Recorded data below:
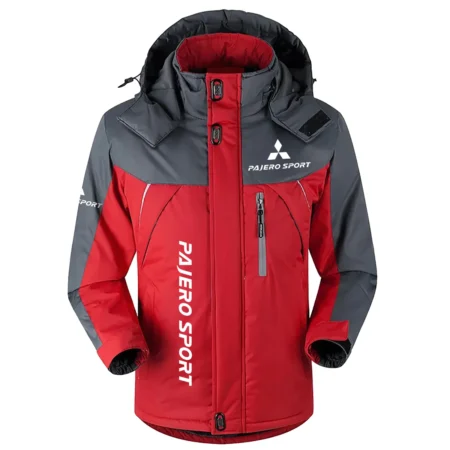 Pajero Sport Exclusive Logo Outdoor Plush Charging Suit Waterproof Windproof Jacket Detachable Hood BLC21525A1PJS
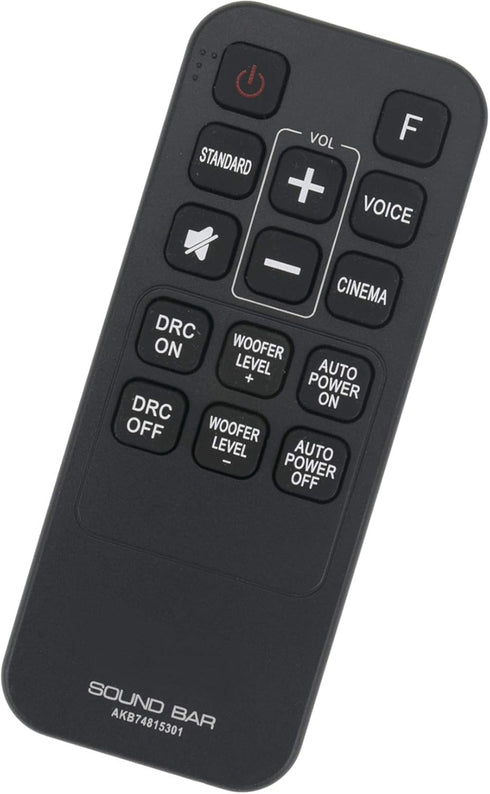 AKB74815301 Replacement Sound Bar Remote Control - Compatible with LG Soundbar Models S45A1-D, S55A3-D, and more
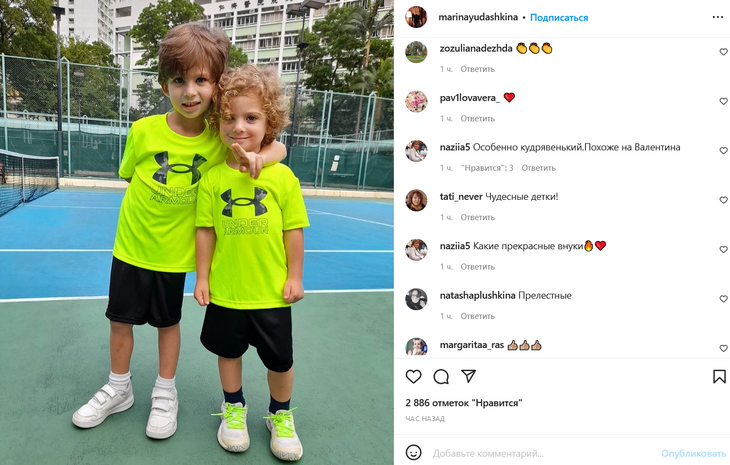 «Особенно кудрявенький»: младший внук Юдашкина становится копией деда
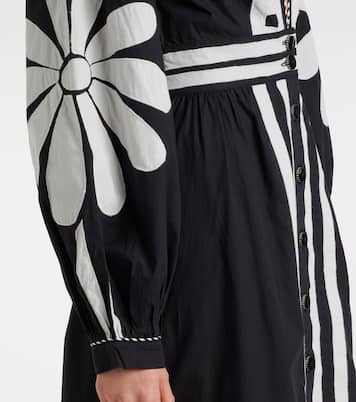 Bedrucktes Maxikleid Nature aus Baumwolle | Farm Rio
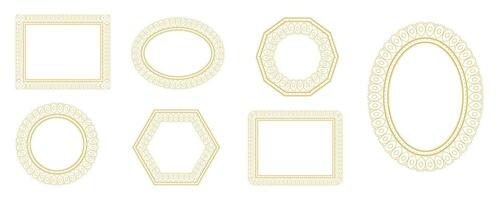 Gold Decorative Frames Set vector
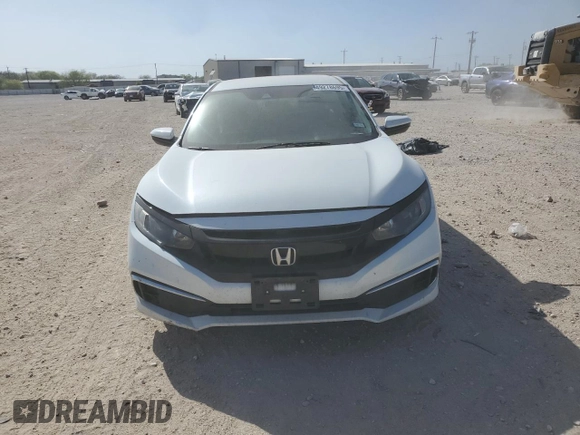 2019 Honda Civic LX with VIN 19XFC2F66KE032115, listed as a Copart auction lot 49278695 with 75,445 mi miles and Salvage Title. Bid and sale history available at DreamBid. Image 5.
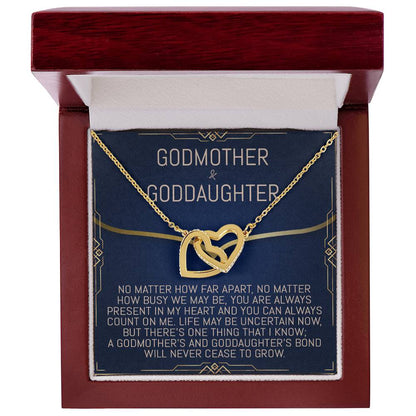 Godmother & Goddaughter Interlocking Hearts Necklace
End of Recorded data.
Exercise:
Leaving every picture out, return the lines from the one containing "становится копией деда" through the last line of the records exactly.

Response box:
 «Особенно кудрявенький»: младший внук Юдашкина становится копией деда
 Bedrucktes Maxikleid Nature aus Baumwolle | Farm Rio
 Gold Decorative Frames Set vector
 2019 Honda Civic LX with VIN 19XFC2F66KE032115, listed as a Copart auction lot 49278695 with 75,445 mi miles and Salvage Title. Bid and sale history available at DreamBid. Image 5.
 Godmother & Goddaughter Interlocking Hearts Necklace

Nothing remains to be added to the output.